Leslie and Paddy Young ran six horses on the last weekend of April. Four finished second over hurdles while the other two ran 1-2 in a training flat race.

“We’re not doing anything wrong here,” Leslie told her husband afterward. “Listen, five seconds is better than five thirds.”

And recovering from a traumatic head injury is better than not recovering from a traumatic head injury.

Three weeks after those horses ran well – but not quite well enough – the Youngs got their first hurdle win of the season when Mercoeur scored in the allowance race at Radnor May 20. One race later, Paddy was in a fight to survive a fall with Kings Apollo in the timber stakes. The five-time NSA champion fractured his skull, broke a bone in his neck and would soon battle pneumonia, a MRSA infection and a 104.7-degree fever at Paoli Hospital.

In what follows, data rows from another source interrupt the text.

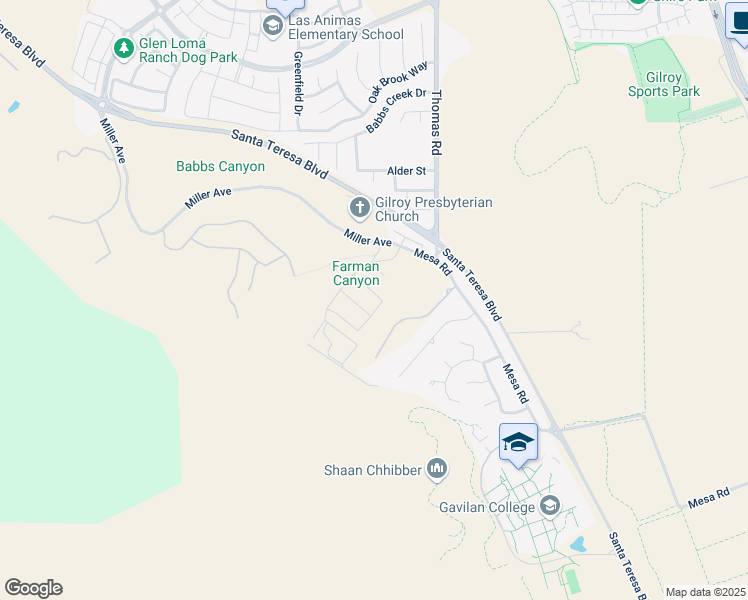 map of restaurants, bars, coffee shops, grocery stores, and more near 5813 Cajon Way in Gilroy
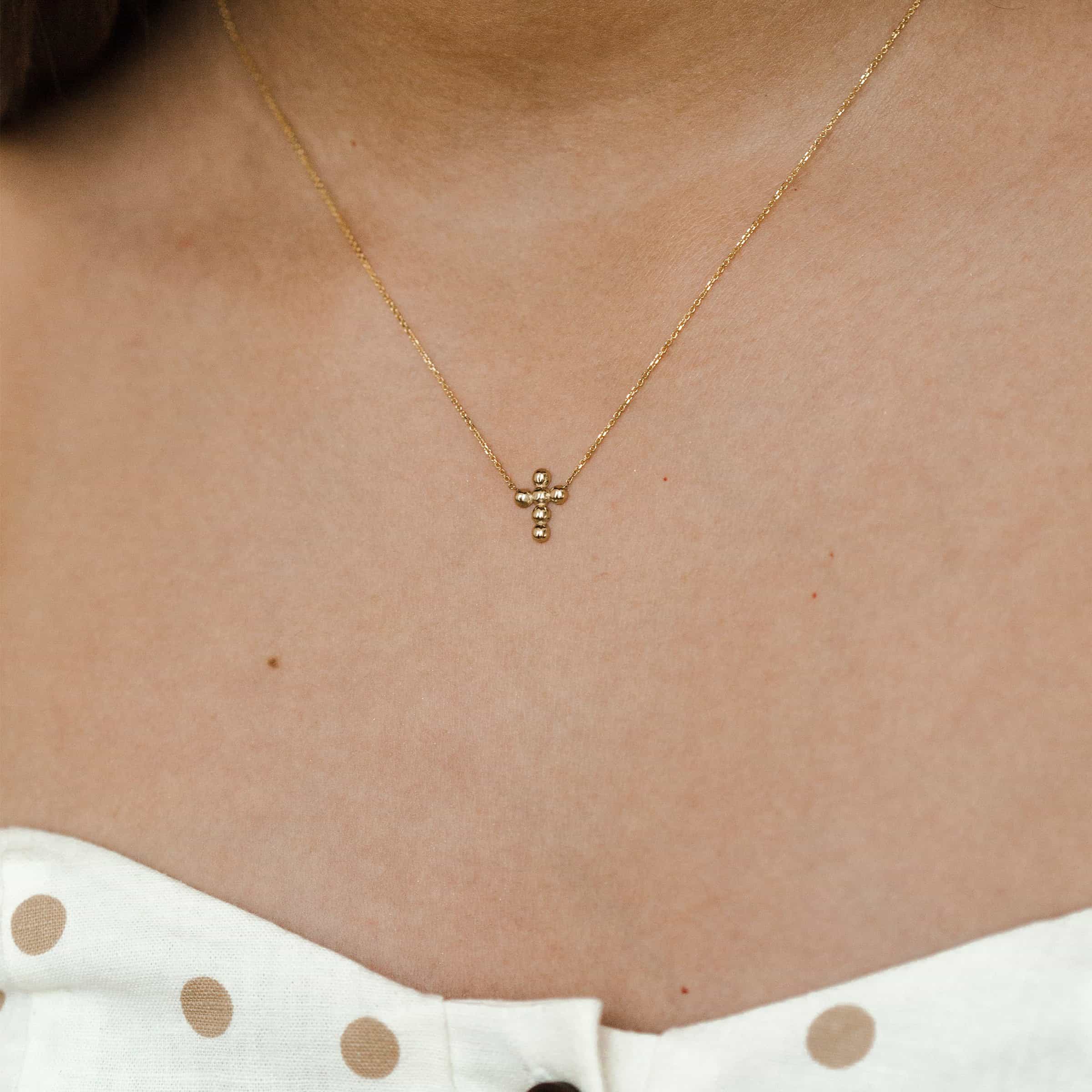 Gold Ball Cross on Chain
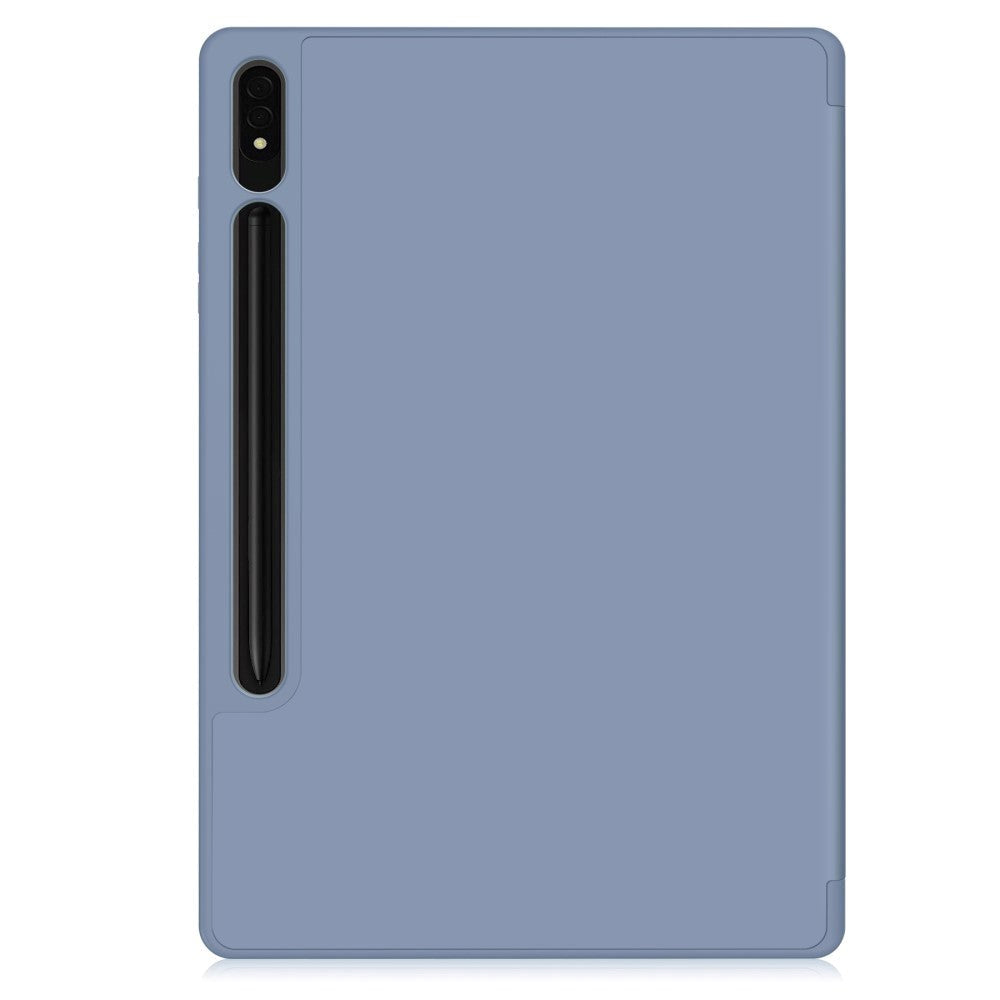 Samsung Galaxy Tab S9+ (Plus) Magnetisk Tri-Fold Leather Flip Cover m. Blyantholder - Blå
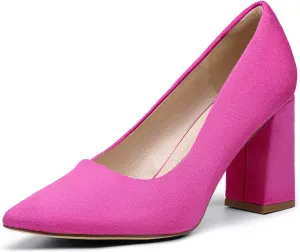 IDIFU IN3 Women's Chunky Block Heels - Pointed Toe Dress Shoes for Women - Dressy Wedding Bride Bridal Prom Work Office Comfortable Thick Heels Pumps Shoes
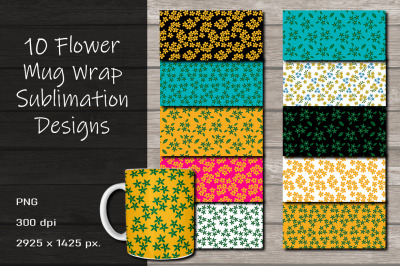 Flower Mug Sublimation Design 15 oz.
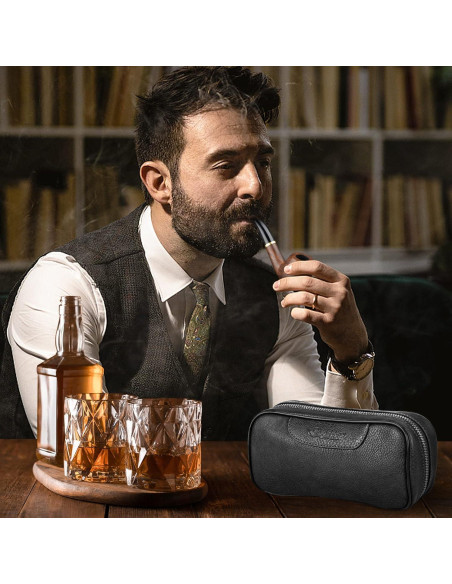 Juego de Pipa de Tabaco Scotte con Accesorios y Bolsa de Cuero Juego de Pipa de Tabaco Scotte con Accesorios y Bolsa de Cuero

The horses – be it fate, divine intervention or luck – have hardly lost since. The Young stable won two more races at Radnor (the hurdle feature with Jamarjo and a handicap hurdle with Invocation) after Paddy went down and Leslie followed to the hospital and a whole lot of unknown. The next week, For Goodness Sake won the feature at Fair Hill.

“At Radnor, I was happy for the horses,” said Leslie. “We were going there thinking all of them could run well. Jamarjo, the day before, Paddy said if he doesn’t win he’ll be pretty tough and he was. It’s amazing to see them run so well.”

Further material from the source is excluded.